El primer aspecto discutible que de este proyecto es su estructura. La comisaría, Suzanne Pfeffer, ha dividido el recorrido en varios bloques centrados en obras icónicas de la producción duchampiana: “Rueda de bicicleta”, “Secabotellas”, “Apilinère Enameled” o el “Gran vidrio” -entre otras-. El problema de esta decisión curatorial es que las obras de Duchamp -incluidas las mayores:y más determinantes: el “Gran vidrio” y “Étant donnés”- no conforman islas ni sistemas solares específicos, sino que forman parte de un engranaje discursivo al cual se subordinan. Cuando este hecho se obvia y los trabajos más célebres de Duchamp se desgranan de su marco referencial, el resultado es una exposición fragmentaria, demasiado elíptica y, por momentos, algo confusa. En apariencia, el montaje está concebido más para acercar el “Duchamp esencial” al gran público que para iluminar nuevos senderos hernenéuticos por los que transitar.

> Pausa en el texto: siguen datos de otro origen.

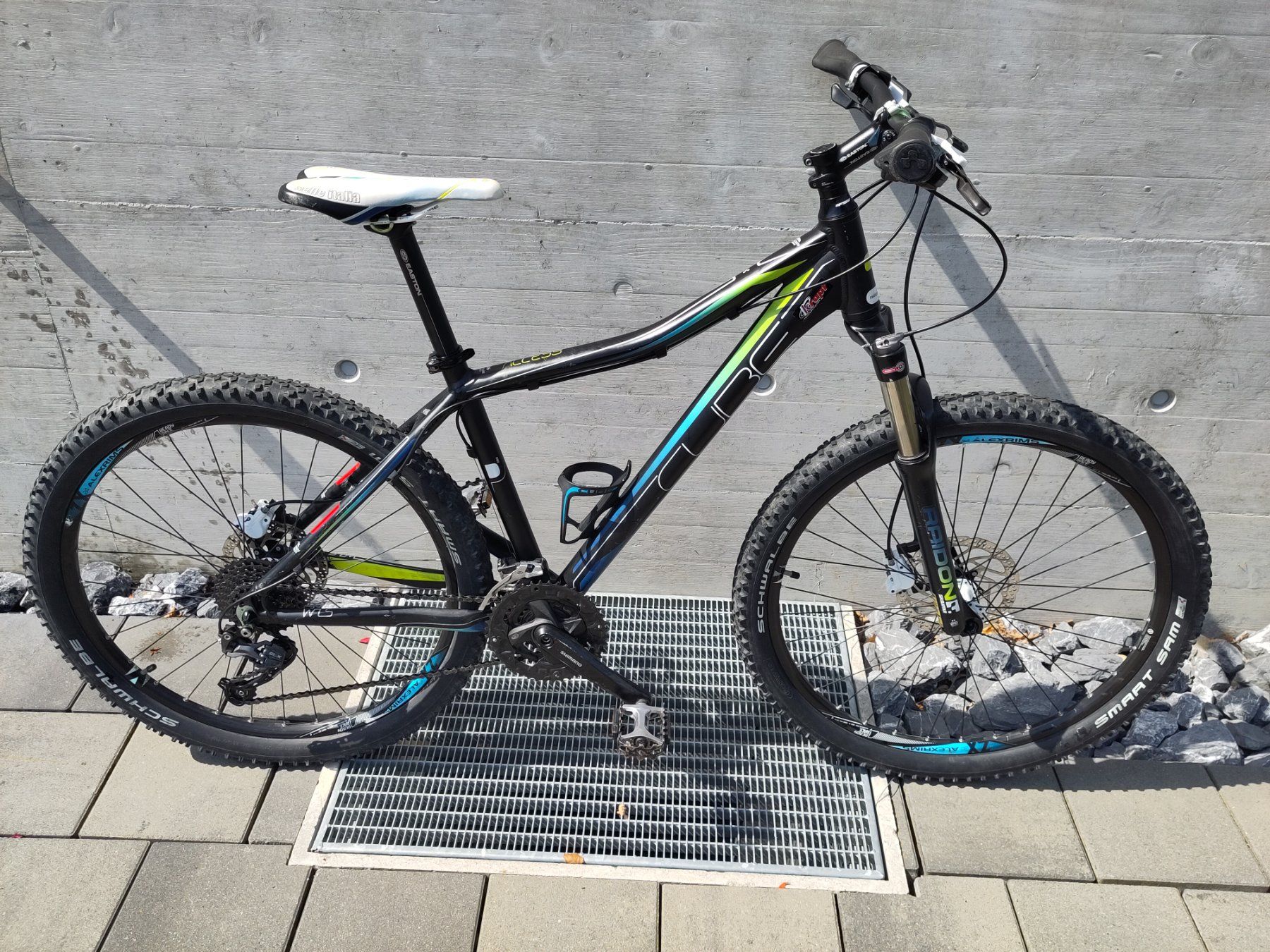 Cube Velos: Damen MTB Cube Access WLS PRO – Gebraucht aus Lenggenwil von  3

Es cierto que Suzanne Pfeffer ha introducido el acierto de respetar al máximo el ecosistema original de los readymades -el espectador puede contemplar algunos de ellos tal y como habitaban el estudio de Duchamp: colgados del techo y proyectando una densa sombra sobre el muro adyacente-. Pero, salvando este acierto “arqueológico”, la presente exposición adolece de un comisariado en ocasiones rayano en lo transparente. A estas alturas de la historia, a una muestra de Duchamp se le debe exigir algo más que una espectacular reunión de obras y documentas; lo cuantitativo no basta ni siquiera cuando se trata de compensar la dispersión de la obra duchampiana por todo el planeta. Es necesario, por el contrario, correr riesgos discursivos y escapar de una ortodoxia que ha ralentizado -por no decir que detenido- los estudios sobre Duchamp.
Repeticiones y ausencias
En idéntico sentido, es obligado subrayar que, dentro del amplio despliegue de obras que vertebra el recorrido de la exposición, una parte sustancial de la selección corresponde a objetos de contexto o documentales -fotografías, cartas, entrevistas-. Evidentemente, cada documento referente al mundo duchampiano posee un valor innegable -por banal que pueda parecer-. Ademas, apartados dedicados a los readymades y al “Gran vidrio” se encuentran bien cubiertos y, en determinados casos, con una duplicación de piezas que permite comprender un mismo trabajo en diferentes contextos y situaciones.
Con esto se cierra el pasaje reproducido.